Hâlbuki sokak bir zamanlar hayatın tâ kendisiydi. Her evin kapısından hayatın eşiğine atılan adımlar, tekilden çoğula, benden bize dönüşerek sokağın ortasında buluşurken sevinçler de kederler de aynı potada erimekteydi. Bu özelliğiyle sokak her bakımdan şehrin can damarıydı. Ne yazık ki bugün derdine derman, sevincine ortak bulamayan insanlar, kalabalıkların arasında kaybolup giderkenher biri birkaç sokak büyüklüğünde üste üste konmuş konutların, apartmanların, sitelerin, residencelerindünyasında bir ömür sürmekteler.

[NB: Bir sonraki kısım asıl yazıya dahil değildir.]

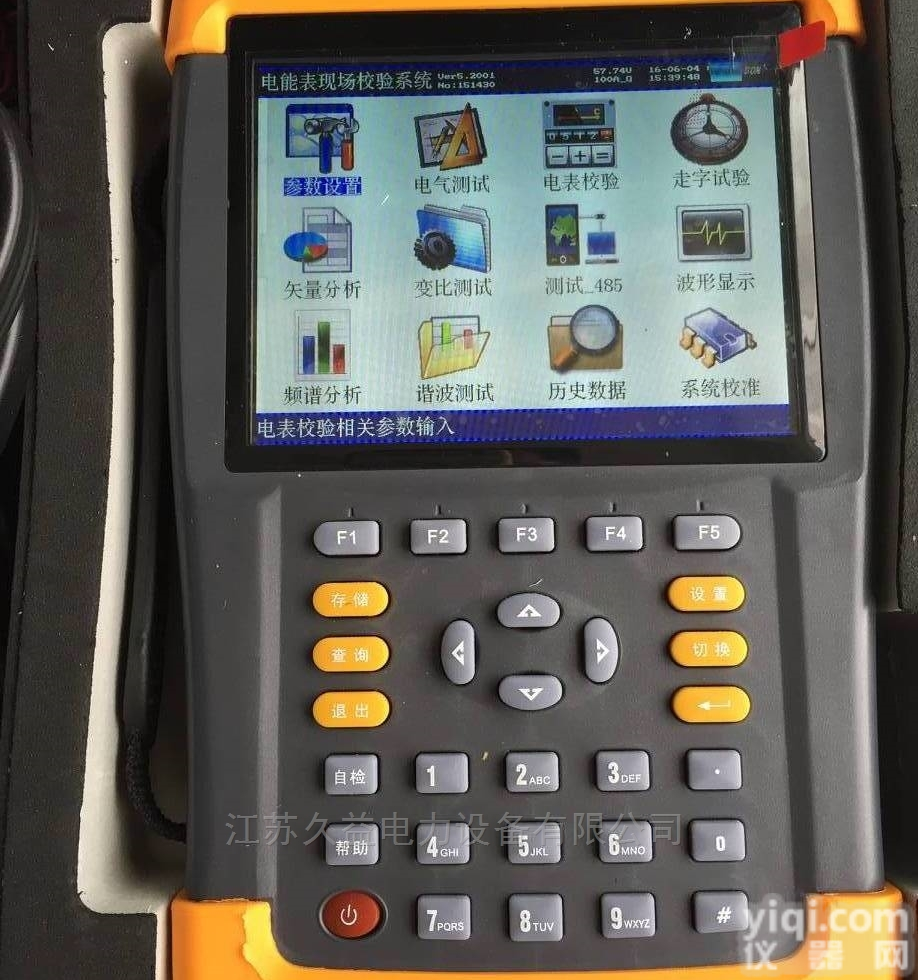用电检查仪/三相<em>电能表</em>校验<em>仪器</em>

Bana göre bu durumun hayra yorulacak bir tarafı yok ama benim gibi işin ehli olmayan birinin de bu konuda birtakım uzun tahlillere girişmesi pek de uygun değil… En iyisi biz işi, işin uzmanı olan şehir planlamacılarına, toplum bilimcilerine havale edip asıl konumuza yani “içinden sokak geçen şiirlere” dönelim.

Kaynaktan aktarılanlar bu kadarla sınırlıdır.